** Records supplied follows **

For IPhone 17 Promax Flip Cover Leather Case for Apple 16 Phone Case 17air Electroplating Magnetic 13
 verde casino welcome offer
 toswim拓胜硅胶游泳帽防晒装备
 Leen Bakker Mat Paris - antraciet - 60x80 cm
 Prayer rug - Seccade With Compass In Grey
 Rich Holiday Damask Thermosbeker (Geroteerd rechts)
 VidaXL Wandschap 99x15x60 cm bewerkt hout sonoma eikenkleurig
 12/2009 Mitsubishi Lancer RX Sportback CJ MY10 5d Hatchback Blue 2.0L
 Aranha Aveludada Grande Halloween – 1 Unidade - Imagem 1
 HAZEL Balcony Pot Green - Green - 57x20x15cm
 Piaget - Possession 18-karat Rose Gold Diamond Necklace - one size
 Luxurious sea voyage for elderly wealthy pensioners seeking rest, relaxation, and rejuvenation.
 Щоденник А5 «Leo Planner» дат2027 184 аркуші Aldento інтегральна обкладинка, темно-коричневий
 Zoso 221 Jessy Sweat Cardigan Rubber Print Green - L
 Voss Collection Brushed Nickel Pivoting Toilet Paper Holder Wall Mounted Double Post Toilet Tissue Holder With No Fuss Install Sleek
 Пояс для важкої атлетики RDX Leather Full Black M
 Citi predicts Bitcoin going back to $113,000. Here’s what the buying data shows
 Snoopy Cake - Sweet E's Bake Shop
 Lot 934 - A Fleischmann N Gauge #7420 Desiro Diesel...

** End of Records supplied **

Work instructions →
The required output is the entries from their opening line through the line holding "Пояс для важкої", repeated exactly, with both end lines kept.

Solution to the problem →
For IPhone 17 Promax Flip Cover Leather Case for Apple 16 Phone Case 17air Electroplating Magnetic 13
 verde casino welcome offer
 toswim拓胜硅胶游泳帽防晒装备
 Leen Bakker Mat Paris - antraciet - 60x80 cm
 Prayer rug - Seccade With Compass In Grey
 Rich Holiday Damask Thermosbeker (Geroteerd rechts)
 VidaXL Wandschap 99x15x60 cm bewerkt hout sonoma eikenkleurig
 12/2009 Mitsubishi Lancer RX Sportback CJ MY10 5d Hatchback Blue 2.0L
 Aranha Aveludada Grande Halloween – 1 Unidade - Imagem 1
 HAZEL Balcony Pot Green - Green - 57x20x15cm
 Piaget - Possession 18-karat Rose Gold Diamond Necklace - one size
 Luxurious sea voyage for elderly wealthy pensioners seeking rest, relaxation, and rejuvenation.
 Щоденник А5 «Leo Planner» дат2027 184 аркуші Aldento інтегральна обкладинка, темно-коричневий
 Zoso 221 Jessy Sweat Cardigan Rubber Print Green - L
 Voss Collection Brushed Nickel Pivoting Toilet Paper Holder Wall Mounted Double Post Toilet Tissue Holder With No Fuss Install Sleek
 Пояс для важкої атлетики RDX Leather Full Black M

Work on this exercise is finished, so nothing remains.